• _What to produce_:
Retyping should cover only the lines from the one containing "baby shop shoes" through the final line of the records, with pictures omitted.

• _Data to process_:
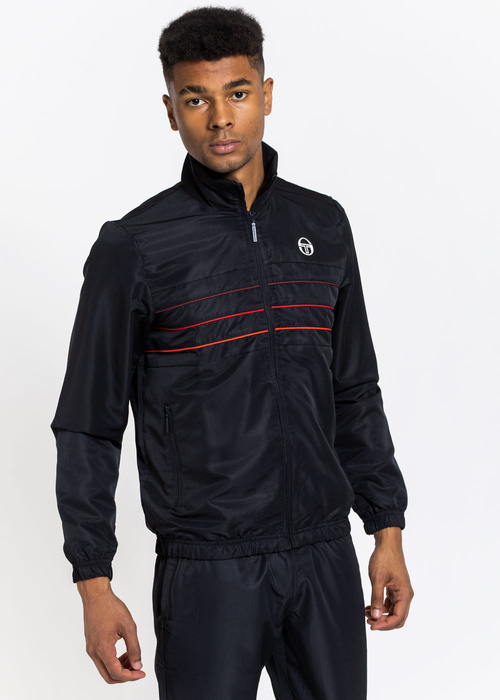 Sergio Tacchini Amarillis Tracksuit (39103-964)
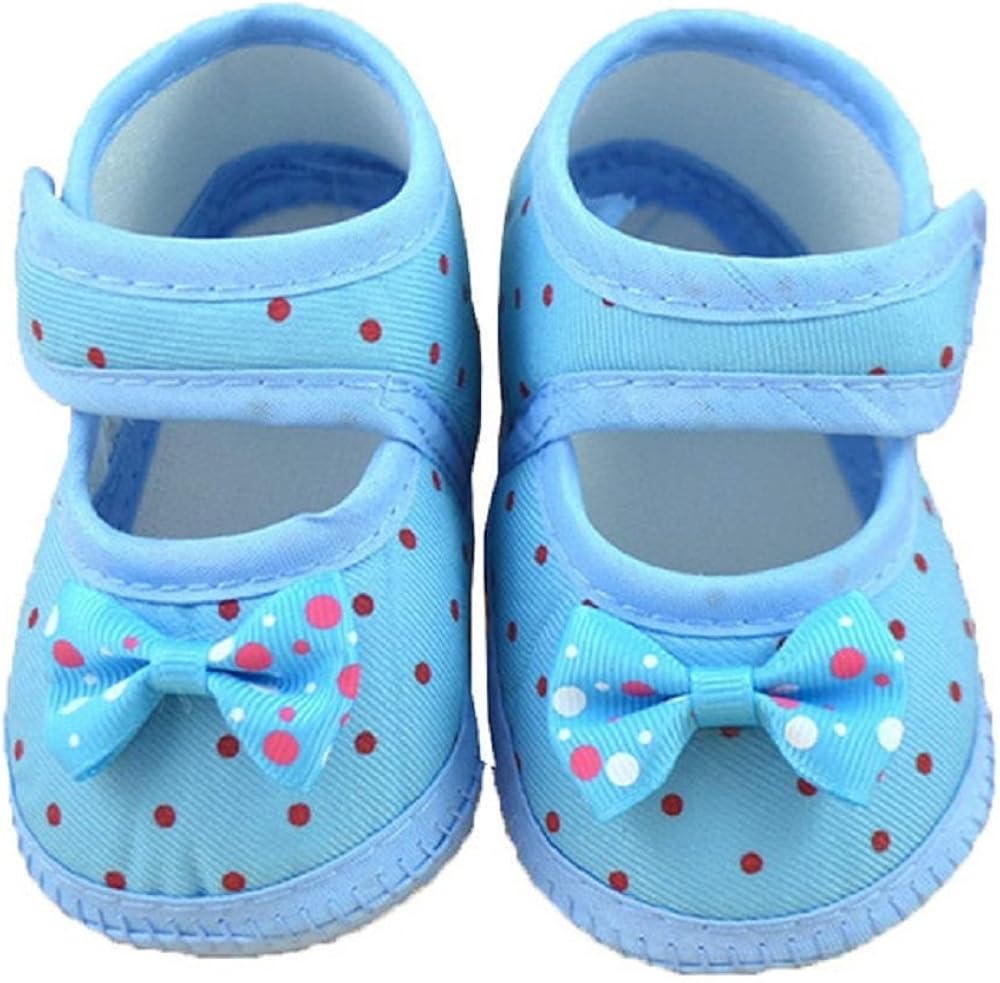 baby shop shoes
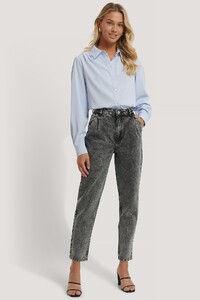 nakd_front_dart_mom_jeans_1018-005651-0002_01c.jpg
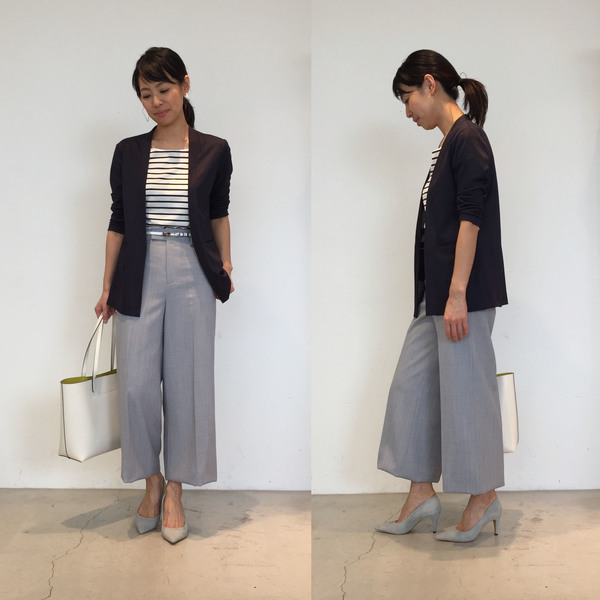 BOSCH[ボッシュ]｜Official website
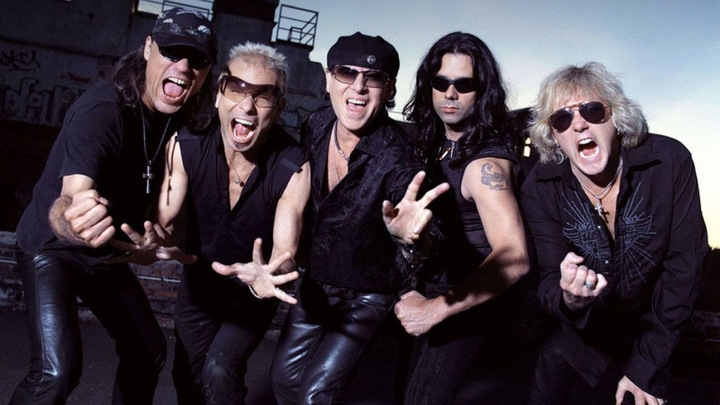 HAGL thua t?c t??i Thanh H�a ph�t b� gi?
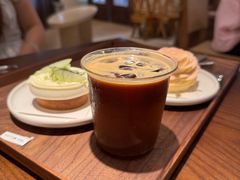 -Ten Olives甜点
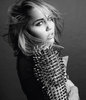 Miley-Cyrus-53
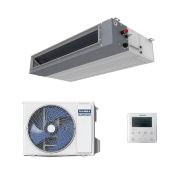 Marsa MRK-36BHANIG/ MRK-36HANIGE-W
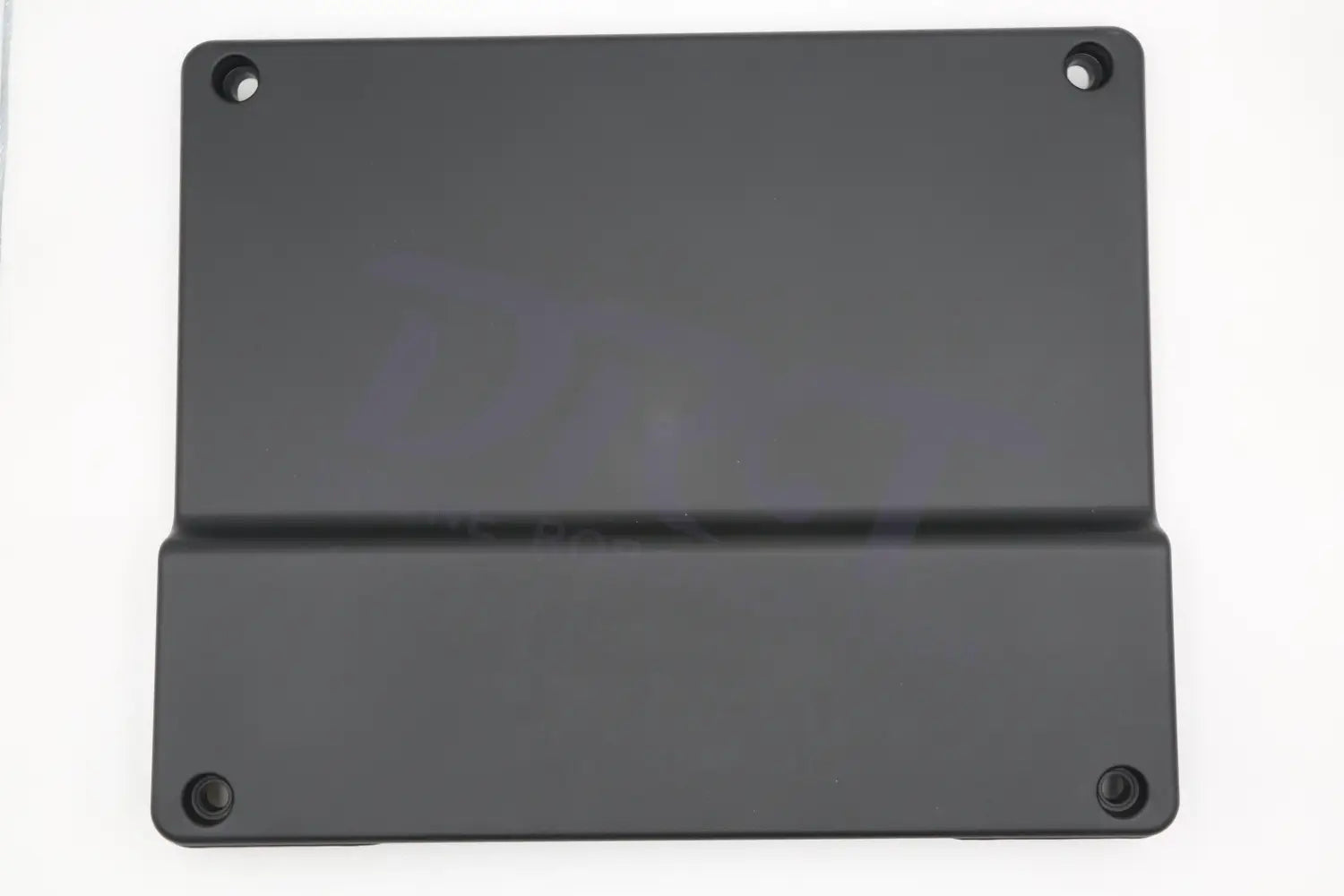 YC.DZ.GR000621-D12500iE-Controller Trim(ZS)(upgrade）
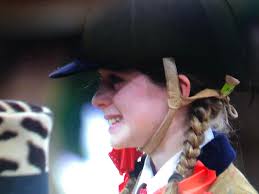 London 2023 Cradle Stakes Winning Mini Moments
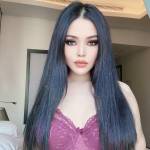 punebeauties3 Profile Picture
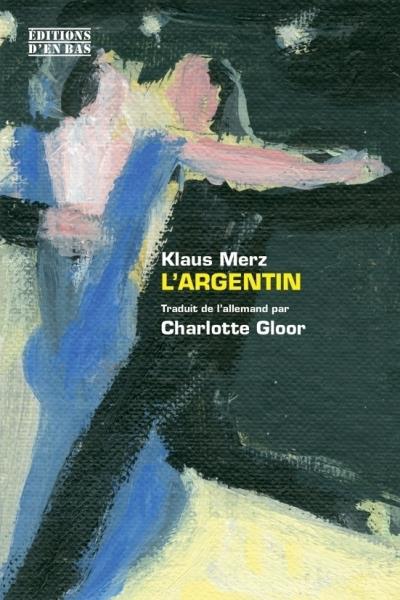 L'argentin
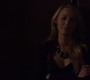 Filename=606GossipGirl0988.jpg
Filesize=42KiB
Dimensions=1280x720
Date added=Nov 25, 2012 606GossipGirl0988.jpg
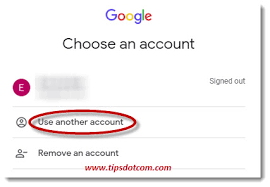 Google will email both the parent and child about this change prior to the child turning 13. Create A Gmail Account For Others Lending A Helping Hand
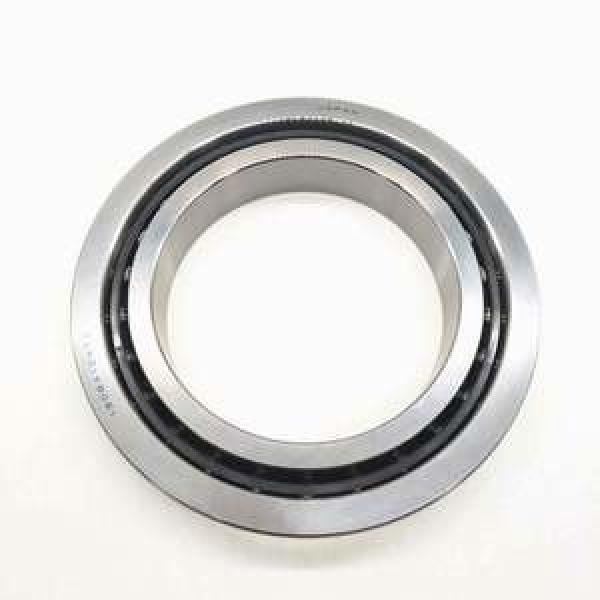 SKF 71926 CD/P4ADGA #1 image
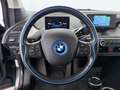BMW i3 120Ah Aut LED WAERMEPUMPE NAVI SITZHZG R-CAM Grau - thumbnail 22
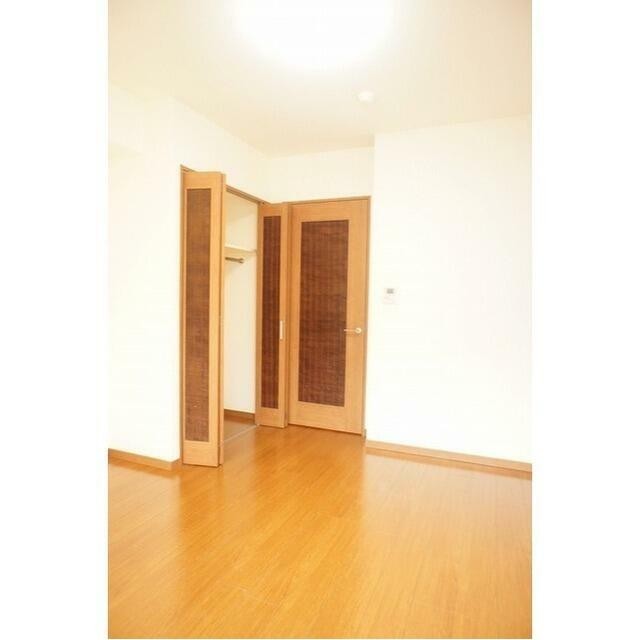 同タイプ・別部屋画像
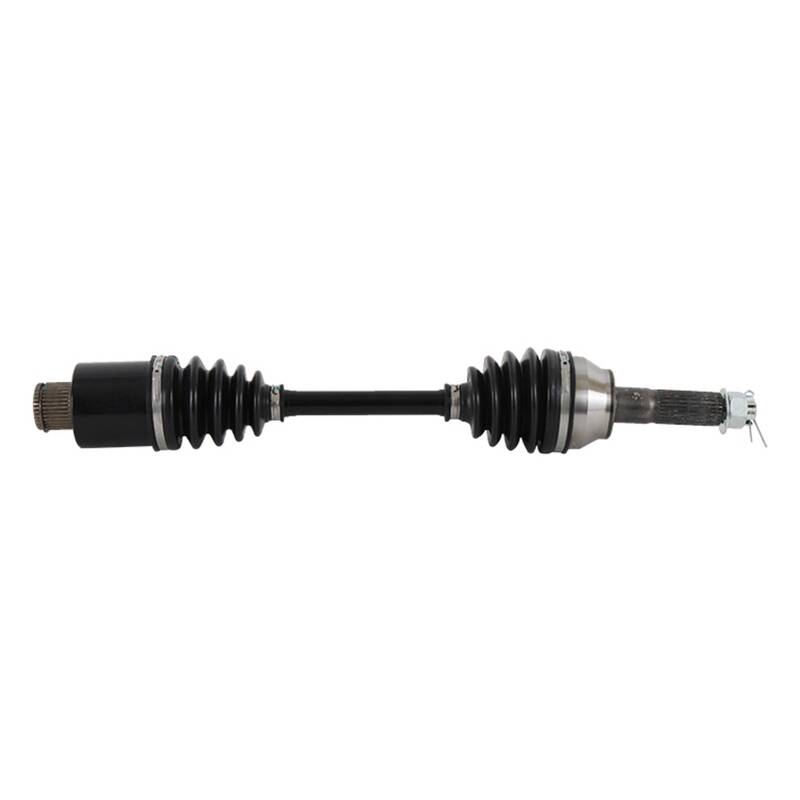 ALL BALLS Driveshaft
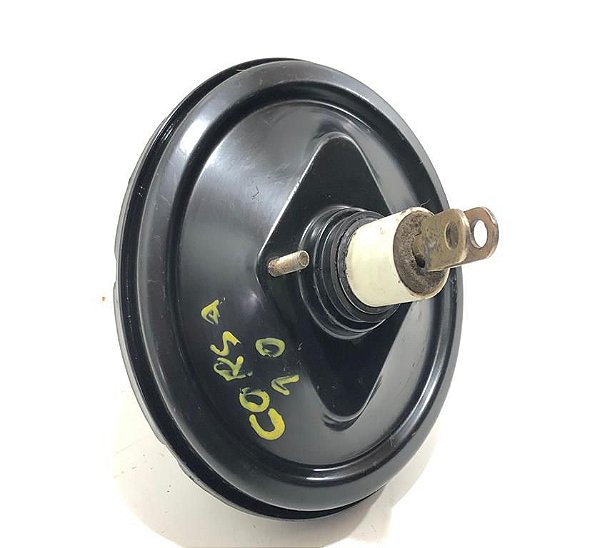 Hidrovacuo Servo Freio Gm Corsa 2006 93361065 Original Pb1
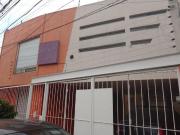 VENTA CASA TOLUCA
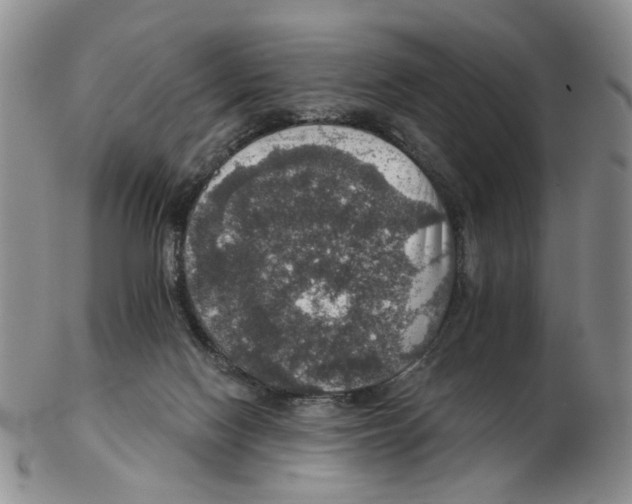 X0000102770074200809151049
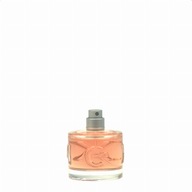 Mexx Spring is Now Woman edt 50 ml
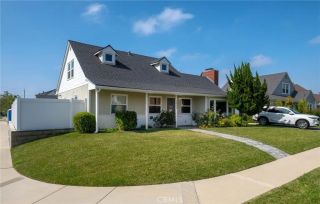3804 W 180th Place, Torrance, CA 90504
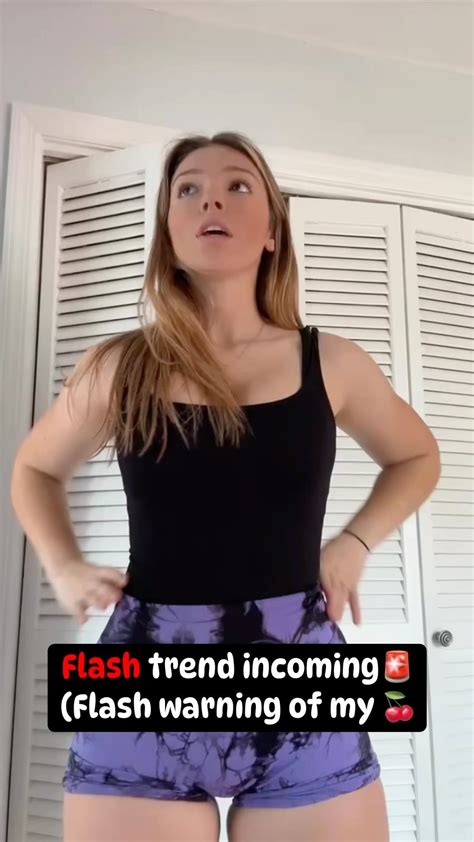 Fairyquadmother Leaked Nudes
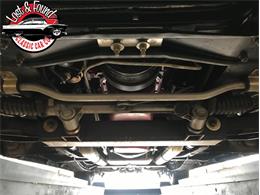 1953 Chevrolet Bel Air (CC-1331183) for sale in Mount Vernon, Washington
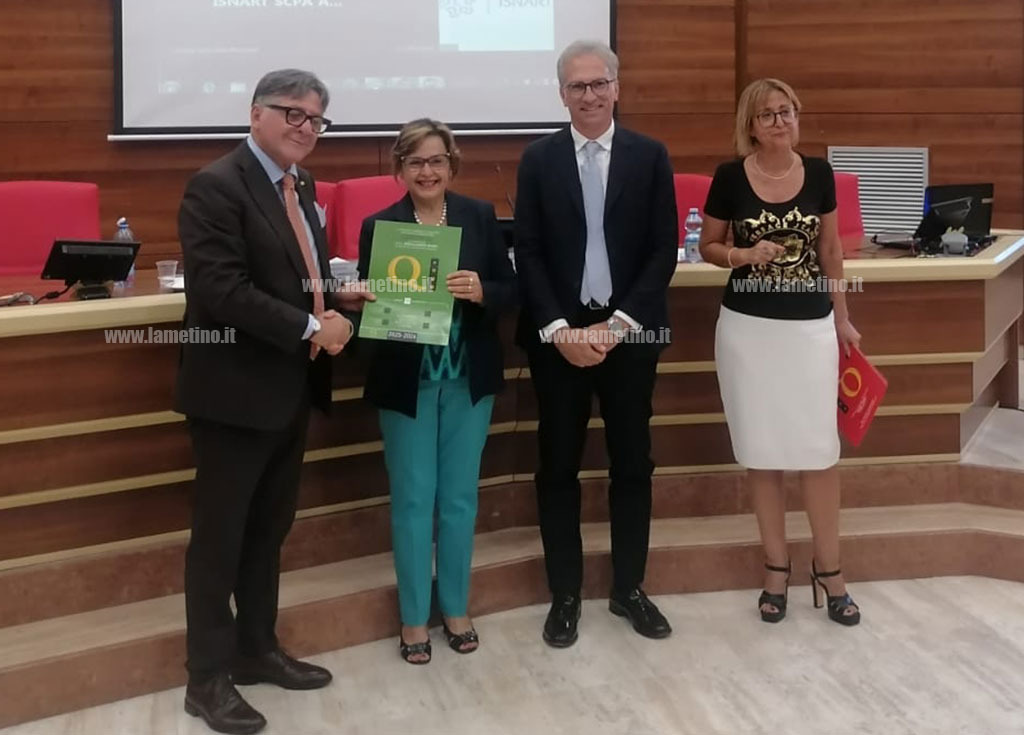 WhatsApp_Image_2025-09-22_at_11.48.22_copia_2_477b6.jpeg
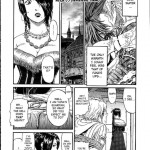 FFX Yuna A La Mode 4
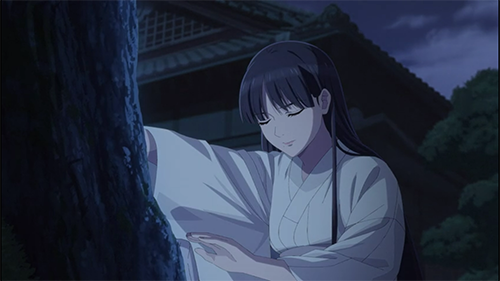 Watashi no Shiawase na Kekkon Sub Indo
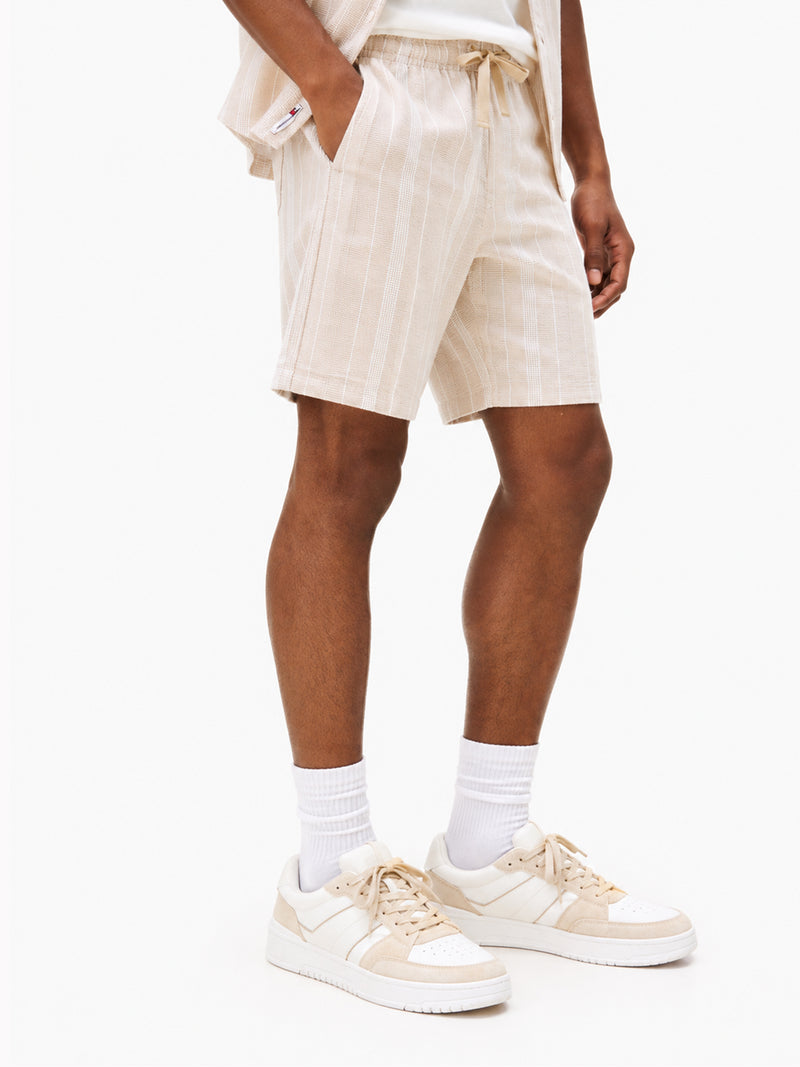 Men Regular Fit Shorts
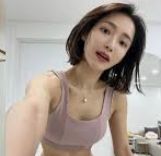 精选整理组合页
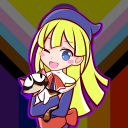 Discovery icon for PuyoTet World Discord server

• _Finished exercise_:
 baby shop shoes
 nakd_front_dart_mom_jeans_1018-005651-0002_01c.jpg
 BOSCH[ボッシュ]｜Official website
 HAGL thua t?c t??i Thanh H�a ph�t b� gi?
 -Ten Olives甜点
 Miley-Cyrus-53
 Marsa MRK-36BHANIG/ MRK-36HANIGE-W
 YC.DZ.GR000621-D12500iE-Controller Trim(ZS)(upgrade）
 London 2023 Cradle Stakes Winning Mini Moments
 punebeauties3 Profile Picture
 L'argentin
 Filename=606GossipGirl0988.jpg
Filesize=42KiB
Dimensions=1280x720
Date added=Nov 25, 2012 606GossipGirl0988.jpg
 Google will email both the parent and child about this change prior to the child turning 13. Create A Gmail Account For Others Lending A Helping Hand
 SKF 71926 CD/P4ADGA #1 image
BMW i3 120Ah Aut LED WAERMEPUMPE NAVI SITZHZG R-CAM Grau - thumbnail 22
 同タイプ・別部屋画像
 ALL BALLS Driveshaft
 Hidrovacuo Servo Freio Gm Corsa 2006 93361065 Original Pb1
 VENTA CASA TOLUCA
 X0000102770074200809151049
 Mexx Spring is Now Woman edt 50 ml
3804 W 180th Place, Torrance, CA 90504
 Fairyquadmother Leaked Nudes
 1953 Chevrolet Bel Air (CC-1331183) for sale in Mount Vernon, Washington
 WhatsApp_Image_2025-09-22_at_11.48.22_copia_2_477b6.jpeg
 FFX Yuna A La Mode 4
 Watashi no Shiawase na Kekkon Sub Indo
 Men Regular Fit Shorts
 精选整理组合页
 Discovery icon for PuyoTet World Discord server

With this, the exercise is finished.